Home > News > Education > Trustees hear stories from superintendent candidates

Trustees hear stories from superintendent candidates

By Kristen Hackbarth

Washoe County School District’s Board of Trustees on Friday heard from each of the five candidates to be the district’s next superintendent. The candidates told stories of their experience as leaders in education.  

Rather than answering more traditional interview questions, each candidate was asked to tell two professional stories – one of a positive experience and one they wish had a different or better outcome. The stories were shorter versions of longer stories shared during the candidate selection process in March. 

The long stories were not presented to trustees after several candidates said they’d withdraw from the process if the interviews were made public. Some feared they’d revealed sensitive information. 

William Bryan, the CEO of The Bryan Group, which was selected to lead the district’s superintendent search, led this guided storytelling. He said the process allows interviewees to reveal their leadership style, proficiencies and skills through storytelling rather than typical questions and answers. 

Bryan said he guides the interviewees through their storytelling process, but doesn’t put words in their mouths. 

“You will see me interrupting a lot, much more than you would see in a traditional interview, because I’m pushing for detail,” he said. 

At some points several candidates only spoke one to two sentences between interruptions. The interruptions, at times, made the candidates’ stories disjointed and difficult to follow.

Bryan also said he’d be stopping candidates and prompting them to use “I” instead of “we” in their stories so it was clear they were the ones who took whatever actions were discussed. People working in education often use “we” statements, he said. 

An education professional watching the interviews told This Is Reno the use of “we” statements is more often used by women who tend to share credit, versus the “I” statements used by men who “are much more likely to take too much credit.” 

“He is basically trying to impose the patriarchal norm. It is embarrassingly backwards,” they said. 

They also likened the interruptions during the interview to interruptions made by some senators during the Ketanji Brown Jackson confirmation hearings. The optics of a “white old man interrupting highly-qualified women,” the expert added, was “out of touch.” 

Between each story, trustees were allowed to ask questions following up on each candidate’s story. While some questions probed for more detail about the stories, others were more traditional in nature. 
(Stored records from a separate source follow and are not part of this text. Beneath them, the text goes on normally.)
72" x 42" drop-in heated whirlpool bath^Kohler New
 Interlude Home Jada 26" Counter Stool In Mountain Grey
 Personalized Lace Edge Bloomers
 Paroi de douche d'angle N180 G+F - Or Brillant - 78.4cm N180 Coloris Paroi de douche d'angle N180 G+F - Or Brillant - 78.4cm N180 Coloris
The five candidates interviewed were:

  • Jhone Ebert, Md.E, Carson City, NV 
  • Susan Enfield, Ed.D., Normandy Park, WA
  • Sherrell Hobbs, Ph.D., Fort Lauderdale, FL      
  • Shawn T. Loescher, Ed.D., San Diego, CA
  • Caprice Young, Ed.D., Los Angeles, CA

The next step in the superintendent selection process is in-person visits between April 18-20 when candidates will participate in a series of tours, social gatherings and other events. Trustees will make a selection April 26 for the new superintendent to start July 1.